1) Identify the challenge you will be presenting to yourself: the research question/s, methods and modes of inquiry, and creative challenge you will engage (with a brief rationale). Why does it matter to you?
My adventure project is more of a social science documentary. I am interested in looking at the Filipino Canadian community, specifically the dynamics between the immigrant parents and Canadian born children within that family. I'm currently looking for research articles from JSTOR, and ProQuest to ground my thinking. I also want to keep the focus of the experiences within my family as I myself fit this description and my cousins and siblings are in the same boat as me. I aim to look at the differences or similarities in identity formation between the immigrants versus Canadian born members in my family.

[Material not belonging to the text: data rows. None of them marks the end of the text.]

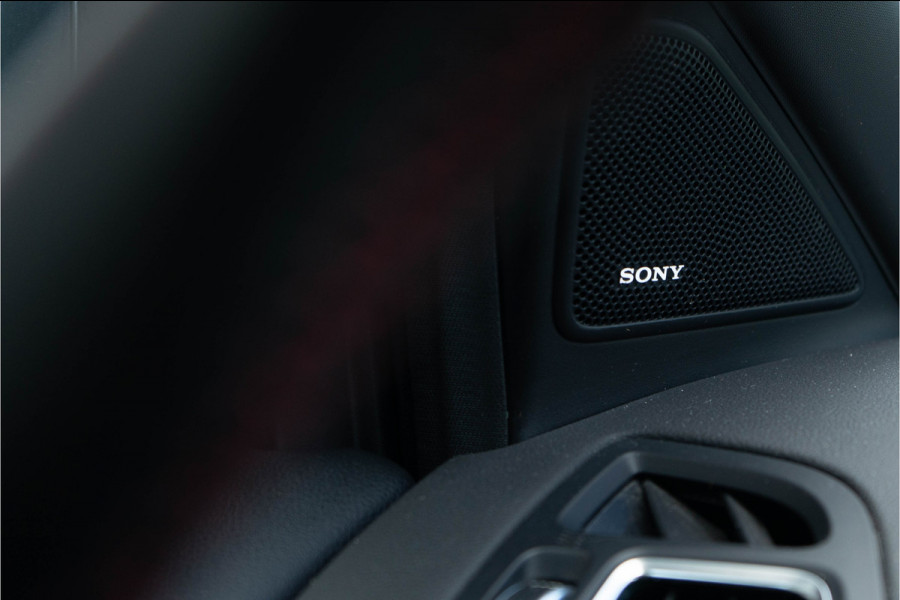 Ford Kuga 1.5 EcoBoost ST Line / Touch Navigatie/ Cruise Control/ Trekhaak/ 110kW (150PK)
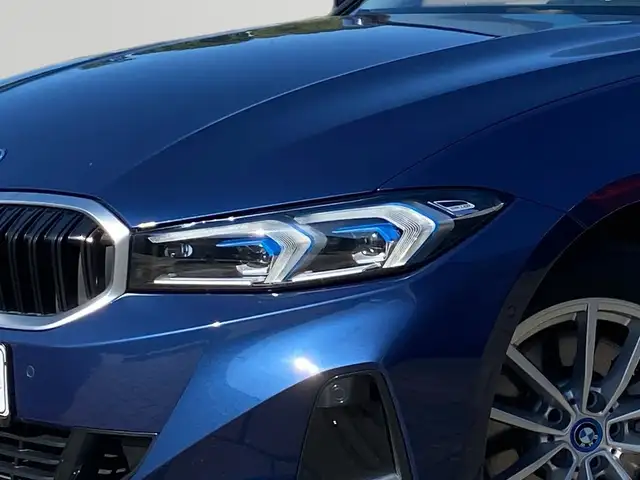 BMW 3 Series view 5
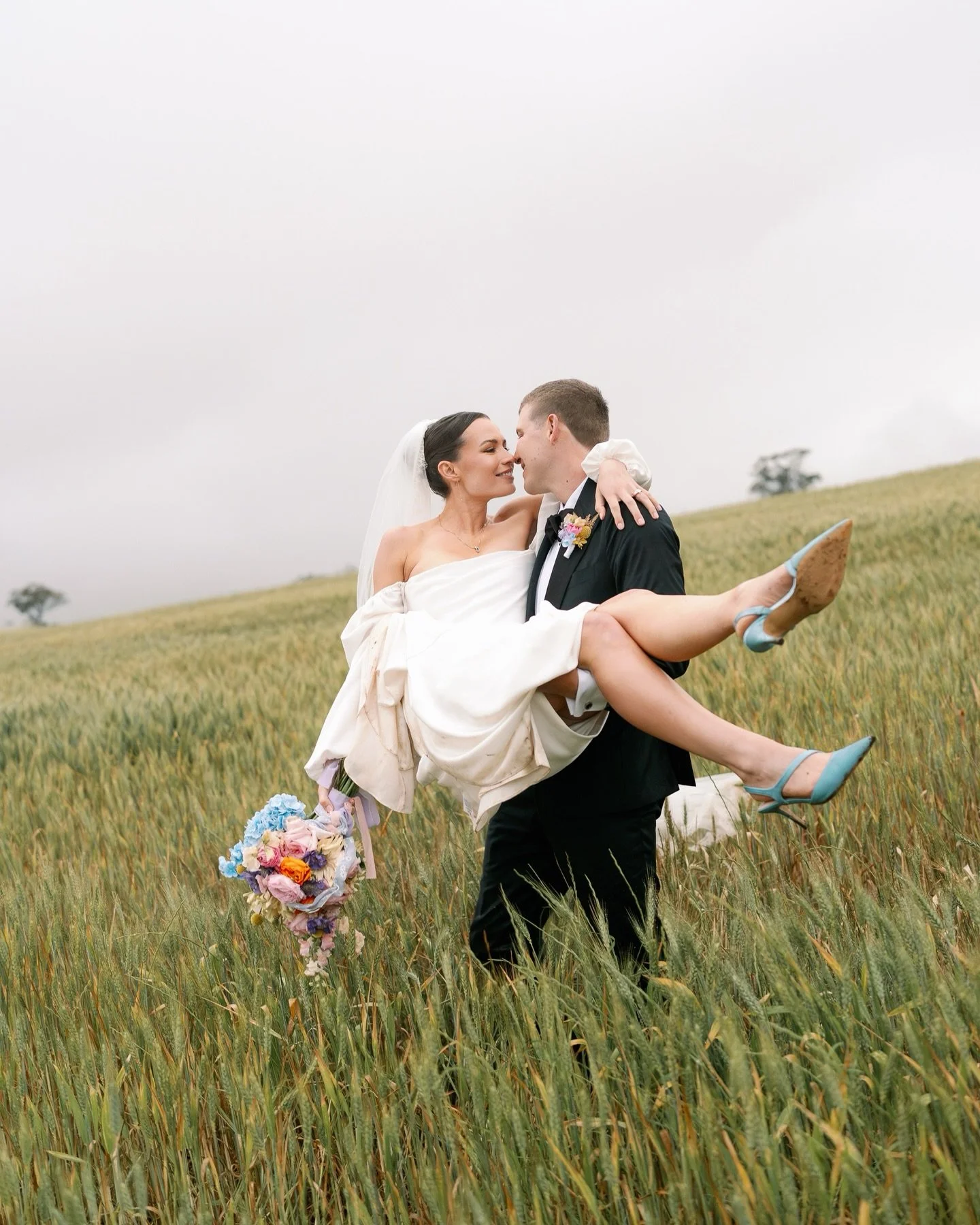 A few frames from Lucy &amp; Michael&rsquo;s day.

#perthwedding #perthweddingphotographer #perthweddingphotography #weddingportraitsperth #outbackwedding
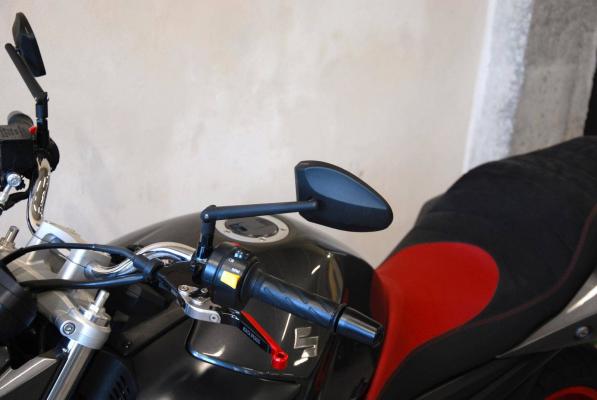 Suzuki GSR 600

This is a topic that is of interest to me, because as a Canadian born member, I always felt fluid in terms of my identity and what community I associate with. For example, there are some moments in my life where I despise the Filipino community and I don’t want to be associated with it all, and other times where I am proud to be part of the community. Additionally, there are moments where I feel ostracized from my own community as I am unable to speak the national language and dialects of the Philippines. Being born in Canada, and only taught by my parents to speak English makes it a barrier or hindrance when I am trying to make connections with other Filipino Canadians that I encounter in my life. Also being a visible minority, whose first language is English and being heavily immersed in Canadian culture is always an interesting experience. I have also taken electives in my undergraduate career, on diaspora which talked a little bit about hybridized identities and feeling like there is no home or place for you.
I also want to try sharing this in a form of a documentary as I have been very interested in the video production process. My younger brother is very skilled and uses Final Cut Pro X to edit his videos and although I am not expecting to create a Tiffany Festival worthy film, since I am an amateur user of iMovie, I am still very interested and excited to make this documentary.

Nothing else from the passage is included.